Thissen has written a book, "Immokalee's Fields of Hope," exploring the history and background of field workers from Mexico, Haiti and Guatemala.
"If you are going to market to new immigrants, you need to connect to the reality that they left part of their life behind and it's important to understand that reality. However, it's also important that they want to learn about and take advantage of the things in this country that are better than where they came from. They want to learn and acculturate into our culture."
Thissen also said she'd like to see much more theater and in-store sampling built around merchandising to the Latino community. "One of the things that is true of Latinos," she said, "is that shopping for them is a family-focused event that is fun."
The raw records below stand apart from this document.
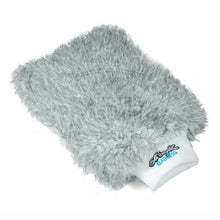 MICROFIBER MADNESS INCREDIMITT GREY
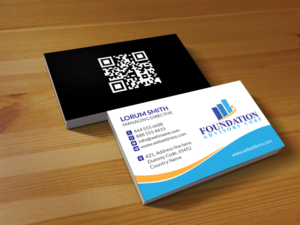 Business Card Design by Creations Box 2015 for Copperwood Ventures Inc. | Design: #17249747
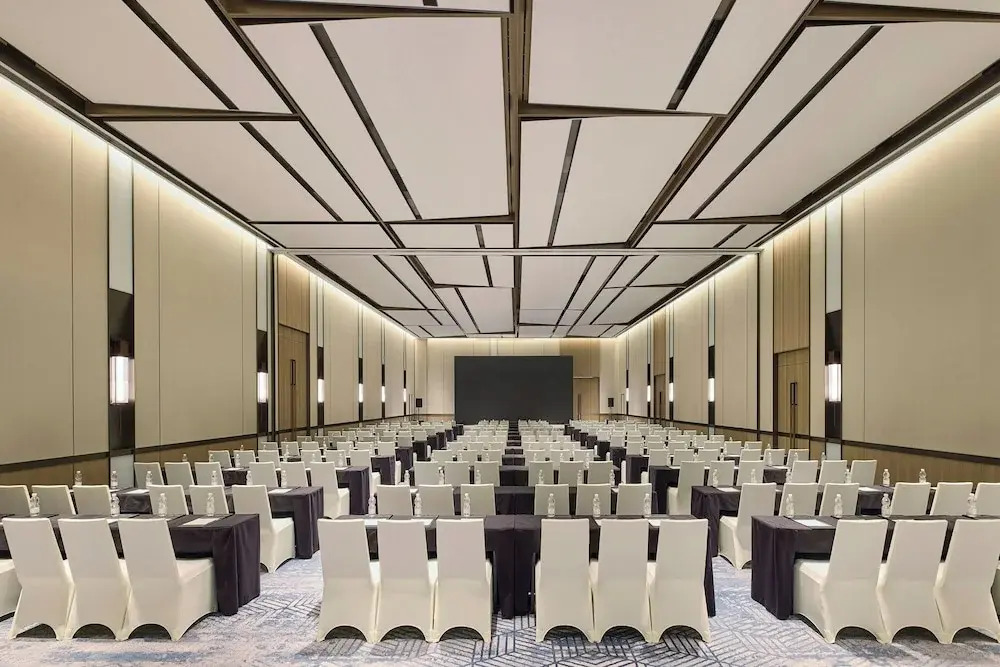Four Points By Sheraton Qingdao, Chengyang East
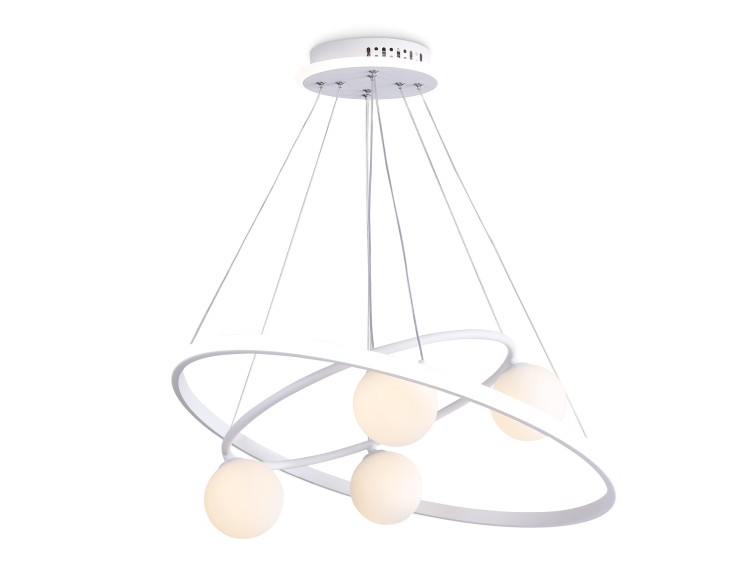 Ambrella Light Люстра подвесная FL FL66321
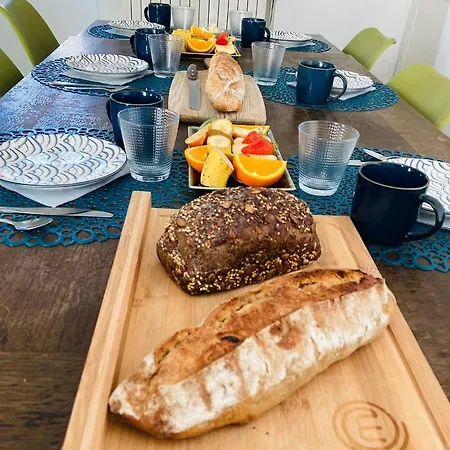 Ecovacances à La Ferme Le Pouget - Le Hébergement de vacances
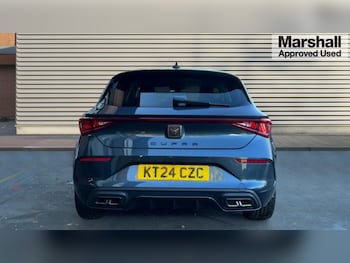 Used Cupra Leon 2024 for sale - 76161453: Photo 4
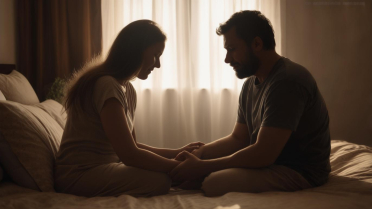 زوجي لا يشبعني جنسياً - حلول عملية ونصائح ذهبية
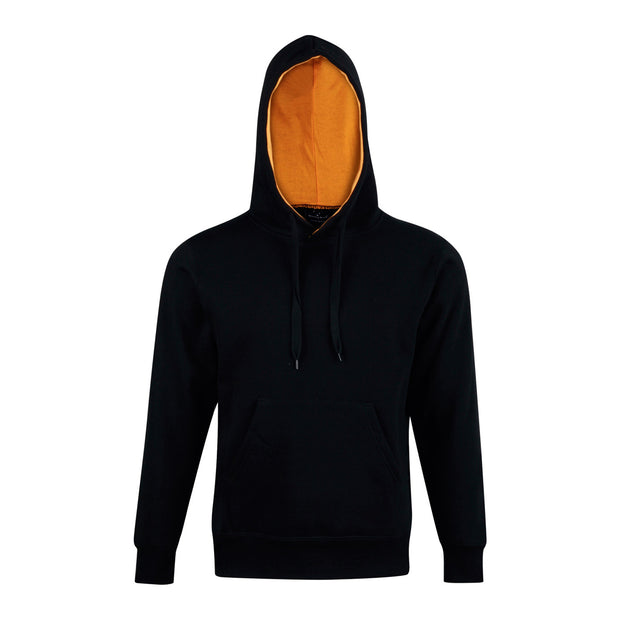 PASSION Fleece Hoodie - Unisex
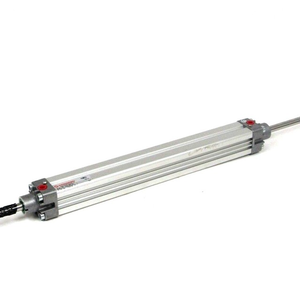 Nuevo Cilindro neumático Pra/182032/J 32 Mm 320mm Serie a Pra182032j Original Listo Stock Automatización industrial Pac Dedicate Nuevo - Product Image 1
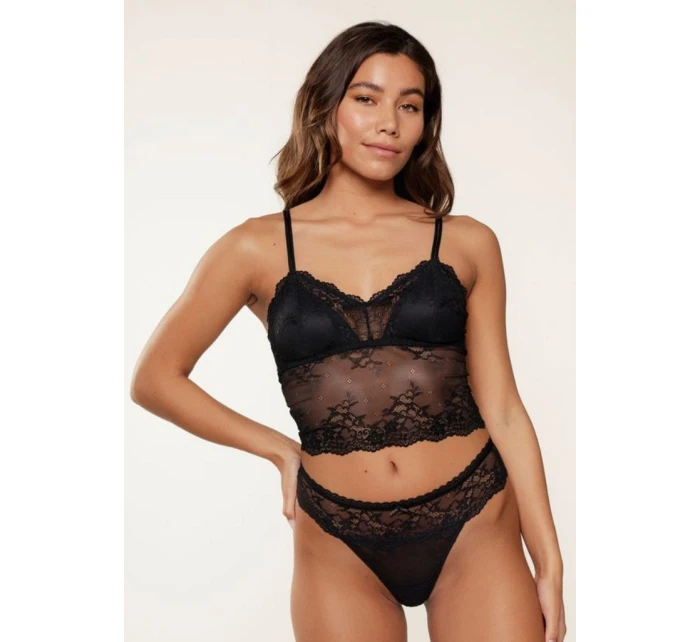 Dámská braletka model 21195777 - LingaDore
Tseng said the customization of the store to local demographics is the way to pull in Latino shoppers. However, large chains can get caught up in their own bureaucratic processes, which makes it difficult to customize the store, he noted.
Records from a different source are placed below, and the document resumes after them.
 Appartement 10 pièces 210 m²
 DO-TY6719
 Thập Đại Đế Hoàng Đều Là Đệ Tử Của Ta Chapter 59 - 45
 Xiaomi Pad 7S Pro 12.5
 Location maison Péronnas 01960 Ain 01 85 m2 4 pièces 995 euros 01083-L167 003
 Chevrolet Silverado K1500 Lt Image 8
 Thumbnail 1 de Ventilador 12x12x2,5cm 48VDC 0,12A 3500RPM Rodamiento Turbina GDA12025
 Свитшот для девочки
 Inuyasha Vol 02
"It's still being done imperfectly," said Tseng. "Each retailer has a different formula for measuring the trading area and the measurements are imperfect and not geared toward understanding this particular segment."
Within the next decade, Tseng expects to see a greater portion of stores having a crossover appeal partly due to the fact that Latinos quickly acculturate.
There is also that crossover effect of Hispanic foods with non-Hispanic whites that will further drive the development of Hispanic foods. "As the population changes, more Americans are spending large amounts on food traditionally recognized as Hispanic in origin," said H. Stephen Phillips, Expo Comida Latina show director, Los Angeles, who will bring a version of the Latina food and beverage exhibit to New York on Oct. 21 to 22. The show will also be held in Los Angeles, Nov. 16 to 18. He noted that demand for Hispanic foods in U.S. restaurants is growing at more than 10% per year.
Few conventional supermarket chains around the country have ignored the power of the U.S. Census Bureau numbers that now indicate those of Latino descent are the No. 1 minority in the country.
From the 1990 census to June 2003, the Hispanic population has exploded, growing from 22.3 million to 38.8 million, a 74% increase. Those counting themselves as Hispanics who live in the United States represent about 13% of the total population, and that percentage is projected to grow to 24% by 2050, according to the Census Bureau.
The impressive population growth statistics don't stop with the numbers of Hispanics, either. Last year, the Food Marketing Institute, Washington, released a study -- "U.S. Hispanics: Insight Into Grocery Shopping Preferences and Attitudes, 2002." The study found that Hispanics on average spend more on food than non-Hispanic shoppers, $117 a week compared to $87. In addition, the study found: * Hispanics like Spanish-language advertising.